▶ [Problem statement]:
Return the records that follow unaltered. Omit every picture.

▶ [Stored records]:

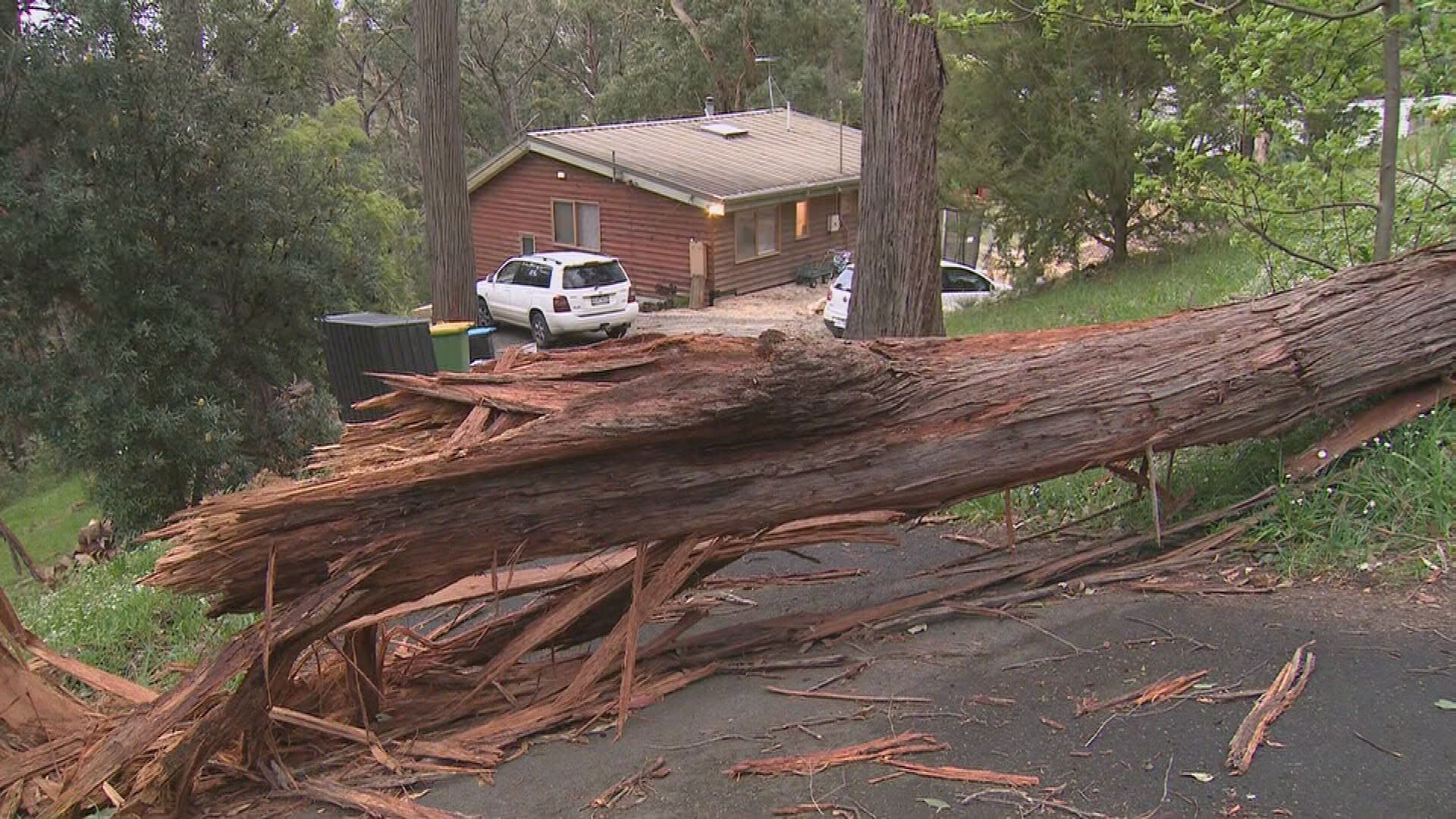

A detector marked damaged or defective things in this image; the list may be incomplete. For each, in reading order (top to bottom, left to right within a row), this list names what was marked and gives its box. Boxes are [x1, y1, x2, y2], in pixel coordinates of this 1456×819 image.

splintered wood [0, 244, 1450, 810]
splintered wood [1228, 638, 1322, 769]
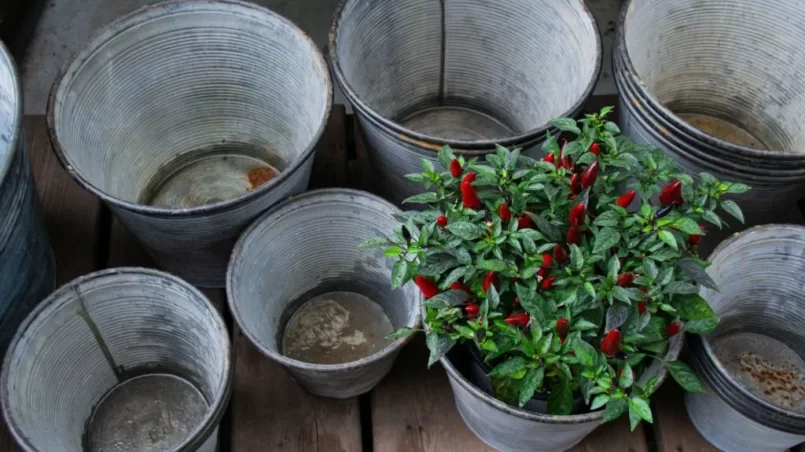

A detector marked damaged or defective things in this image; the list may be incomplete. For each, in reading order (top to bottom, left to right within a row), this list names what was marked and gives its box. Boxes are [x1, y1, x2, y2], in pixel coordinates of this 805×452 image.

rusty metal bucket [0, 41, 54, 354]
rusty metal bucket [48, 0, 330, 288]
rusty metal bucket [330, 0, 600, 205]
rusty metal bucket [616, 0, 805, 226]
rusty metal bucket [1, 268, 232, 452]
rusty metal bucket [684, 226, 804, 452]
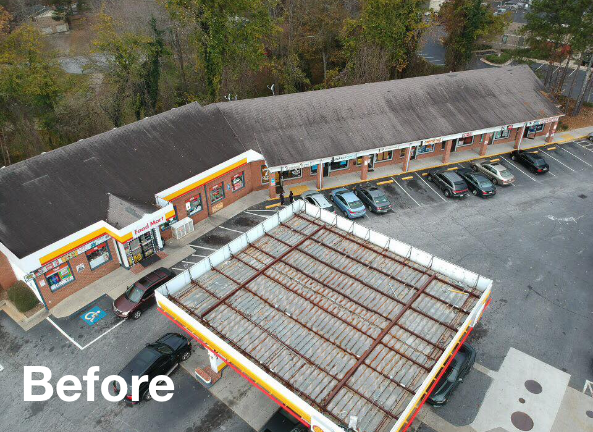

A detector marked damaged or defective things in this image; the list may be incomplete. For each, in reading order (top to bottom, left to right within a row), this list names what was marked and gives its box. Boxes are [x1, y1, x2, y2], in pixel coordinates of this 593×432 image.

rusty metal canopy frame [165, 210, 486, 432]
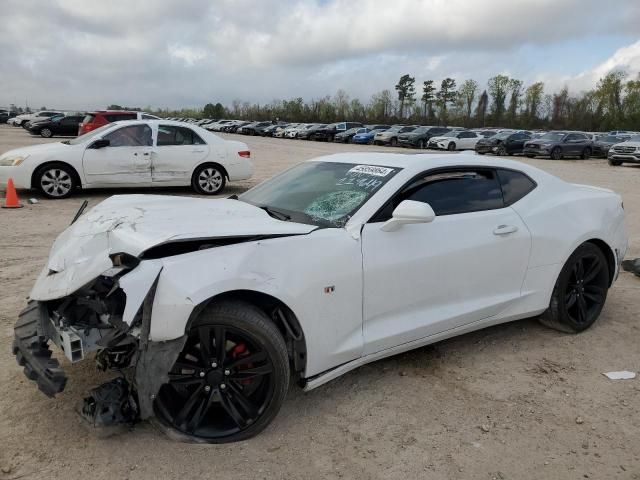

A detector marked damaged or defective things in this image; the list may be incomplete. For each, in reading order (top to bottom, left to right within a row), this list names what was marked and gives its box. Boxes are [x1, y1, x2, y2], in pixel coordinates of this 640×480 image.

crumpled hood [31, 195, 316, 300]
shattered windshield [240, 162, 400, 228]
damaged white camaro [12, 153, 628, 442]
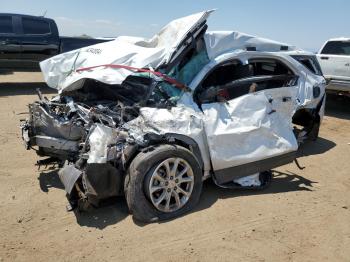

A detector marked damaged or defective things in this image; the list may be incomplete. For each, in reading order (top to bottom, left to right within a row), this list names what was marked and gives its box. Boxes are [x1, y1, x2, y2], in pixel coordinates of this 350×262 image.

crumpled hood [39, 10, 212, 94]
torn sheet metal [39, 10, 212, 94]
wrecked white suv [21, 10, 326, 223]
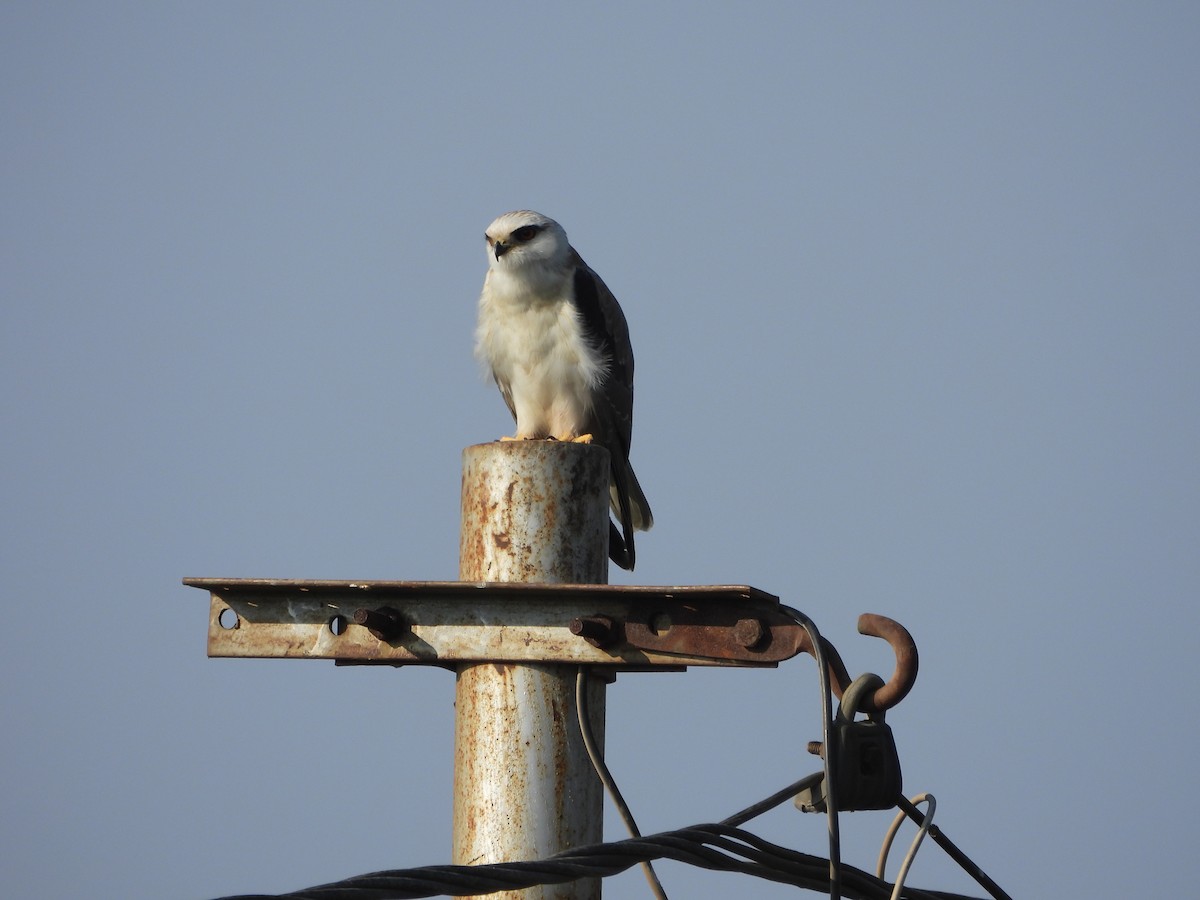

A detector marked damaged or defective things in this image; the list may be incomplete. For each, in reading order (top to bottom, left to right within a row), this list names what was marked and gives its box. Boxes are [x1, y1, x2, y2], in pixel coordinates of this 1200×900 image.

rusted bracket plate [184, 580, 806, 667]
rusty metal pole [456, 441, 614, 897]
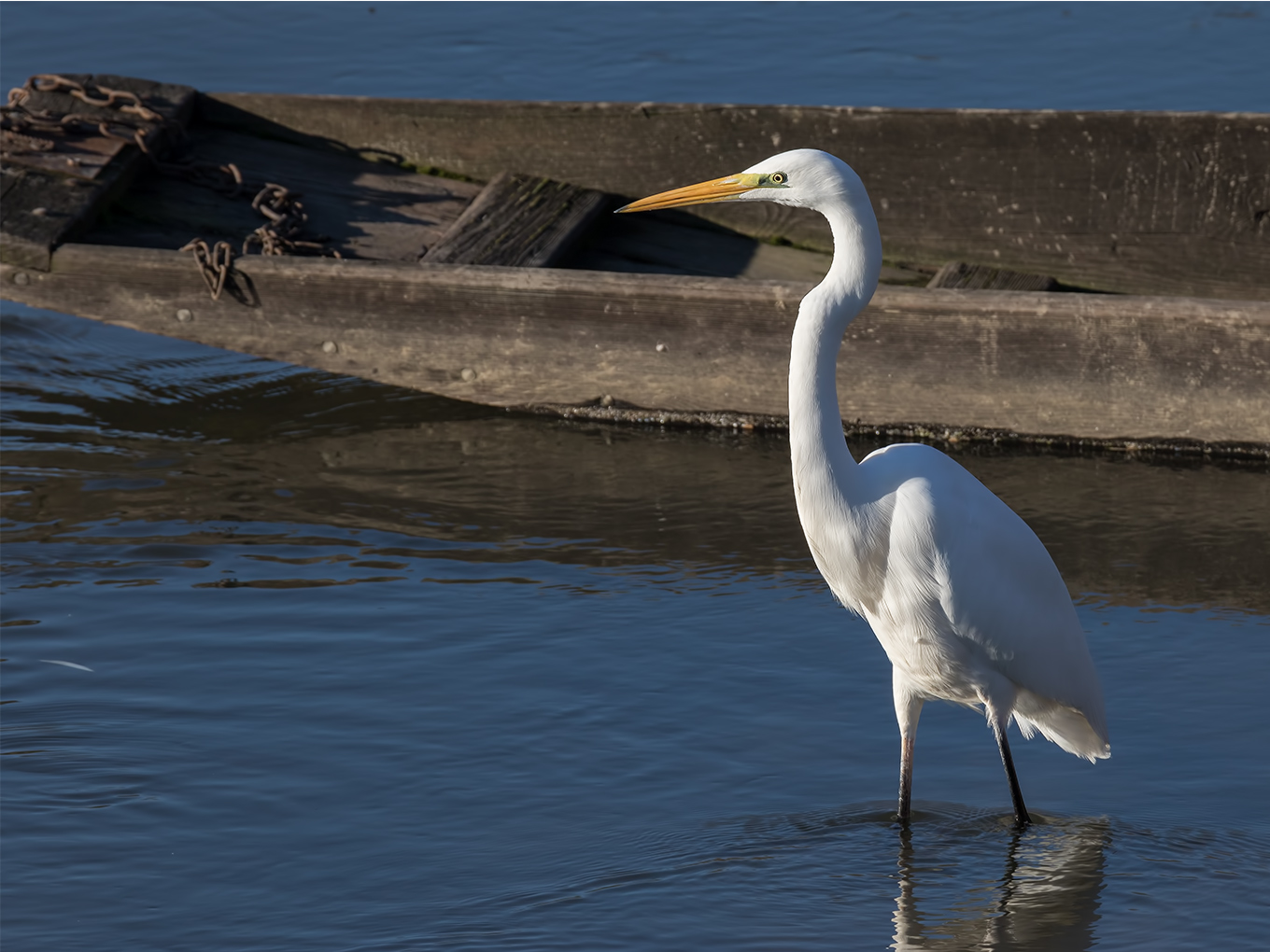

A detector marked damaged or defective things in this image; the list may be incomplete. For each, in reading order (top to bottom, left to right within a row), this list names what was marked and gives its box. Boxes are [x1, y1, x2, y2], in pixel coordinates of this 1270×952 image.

▶ [Exercise solution]:
A detector marked damaged or defective things in this image; the list may be incomplete. For each, in reading order (top to bottom, left to right within a row), this list names what was marked and gives its box. Boxes are [x1, y1, x2, y2], in pixel coordinates of this 1456×819 image.

splintered wood [0, 244, 1450, 810]
splintered wood [1228, 638, 1322, 769]

A detector marked damaged or defective things in this image; the list may be incomplete. For each, in reading order (top to bottom, left to right within a row), this list names what was marked and gives its box. Boxes are [x1, y1, x2, y2], in pixel coordinates of this 805×452 image.

rusty metal bucket [0, 41, 54, 354]
rusty metal bucket [48, 0, 330, 288]
rusty metal bucket [330, 0, 600, 205]
rusty metal bucket [616, 0, 805, 226]
rusty metal bucket [1, 268, 232, 452]
rusty metal bucket [684, 226, 804, 452]

A detector marked damaged or defective things in this image; the list may be incomplete. For each, in reading order (top to bottom, left to right within a row), this list names what was marked and gives its box. Boxes are [x1, y1, x2, y2], in pixel coordinates of this 593×432 image.

rusty metal canopy frame [165, 210, 486, 432]

A detector marked damaged or defective things in this image; the list may be incomplete. For each, in reading order (top to bottom, left to right within a row), this list names what was marked and gives its box. Boxes are [x1, y1, x2, y2], in pixel coordinates of this 640×480 image.

crumpled hood [31, 195, 316, 300]
shattered windshield [240, 162, 400, 228]
damaged white camaro [12, 153, 628, 442]

A detector marked damaged or defective things in this image; the list may be incomplete. For each, in reading order (top to bottom, left to right within a row), this list names what was marked and gives its box. Boxes are [x1, y1, x2, y2], in pixel coordinates of this 350×262 image.

crumpled hood [39, 10, 212, 94]
torn sheet metal [39, 10, 212, 94]
wrecked white suv [21, 10, 326, 223]

A detector marked damaged or defective things in this image; the list may be incomplete. For each, in reading order (top to bottom, left to right within a row), this list names what was marked and gives its box. Boxes are [x1, y1, x2, y2], in pixel coordinates of this 1200×900 image.

rusted bracket plate [184, 580, 806, 667]
rusty metal pole [456, 441, 614, 897]

A detector marked damaged or defective things in this image; the list may be incomplete. For each, in reading order (top to bottom, left to right within a row), this list names what was marked and gives its box. Boxes are [x1, y1, x2, y2], in pixel coordinates of this 1270×952 image.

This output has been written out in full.